Może to nieco naiwne, ale myśleliśmy, że olbrzymi bałagan związany z wyborami samorządowymi, skala zaniedbań i nadużyć, a także cyrk dotyczący działań Państwowej Komisji Wyborczej pozwoli na pewną ponadśrodowiskową niezgodę na to, co się dzieje.
Jakże mylne to było oczekiwanie. Oto weekendowa „Gazeta Wyborcza”, która niewiele robi sobie z nieprawidłowości wyborczych, ale za sytuację związaną z wyborami obwinia… Jarosława Kaczyńskiego. Bo domaga się wyjaśnień, bo chce powtórzenia wyborów, bo zwraca uwagę na nadużycia. A to - zdaniem wicenaczelnego Jarosława Kurskiego - coś niedopuszczalnego.
Kaczyński od lat igra z ogniem. Uważa, że państwo to on i że co dobre dla Jarosława Kaczyńskiego, to dobre dla Polski. Stawia na piedestał IV RP, bo wygrał wtedy wybory i rządził. Tylko z takim państwem się utożsamia
— złości się Kurski.
Przyznajemy, że nawet jak na standardy redakcji z Czerskiej to coś niebywałego. Nie ma pretensji wobec PKW, rządu i władz - jest tylko furia wobec szefa PiS.
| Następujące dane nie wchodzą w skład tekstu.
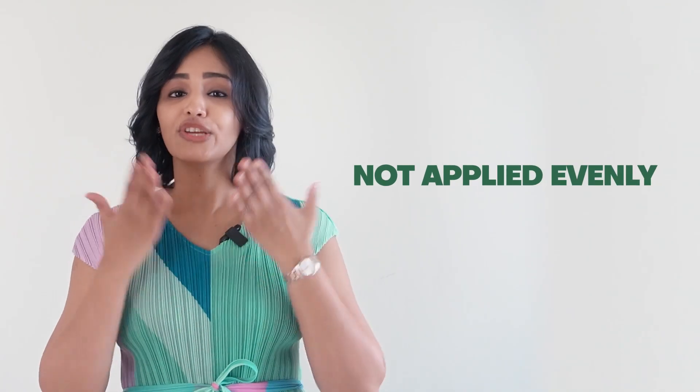Also, the true nuance of makeup is that it is not applied evenly on the skin — we highlight, we blend, we apply more in some zones and less in some zones to enhance certain areas and define certain contours. So there's no way we are going to use it as a uniform coating all over, which is how sunscreens must be applied. Plus, a primer or a foundation is way more expensive than a sunscreen, so we're not going to use up our foundation supplies the same way we finish up our sunscreen.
Teraz obsesyjna podejrzliwość prezesa urodziła nową mgłę i nową brzozę - mit sfałszowanych wyborów
— kpi pan redaktor.
Bo pan redaktor wie lepiej. Kaczyński powinien zamknąć się w domu i milczeć. Nie krytykować. Nie podważać. Nie alarmować. Inaczej…
Prezes od lat zatruwa życie publiczne i toruje drogę antydemokratycznym narodowcom, naziolom, kibolom i awanturnikom - jeszcze bardziej radykalnym niż PiS
— piekli się „Wyborcza”.
Niestety, nie mamy dla pana Kurskiego dobrych wiadomości. Skala niedowierzania i niechęci wobec tego, co dzieje się w Polsce, stale rośnie. Nie pomogą apele Michników, wiceMichników i pisane w obłędzie teksty innych funkcjonariuszy. Po prostu deformacja wyników jest zbyt duża. Tutaj odśpiewanie „Nic się nie stało” nie wystarczy.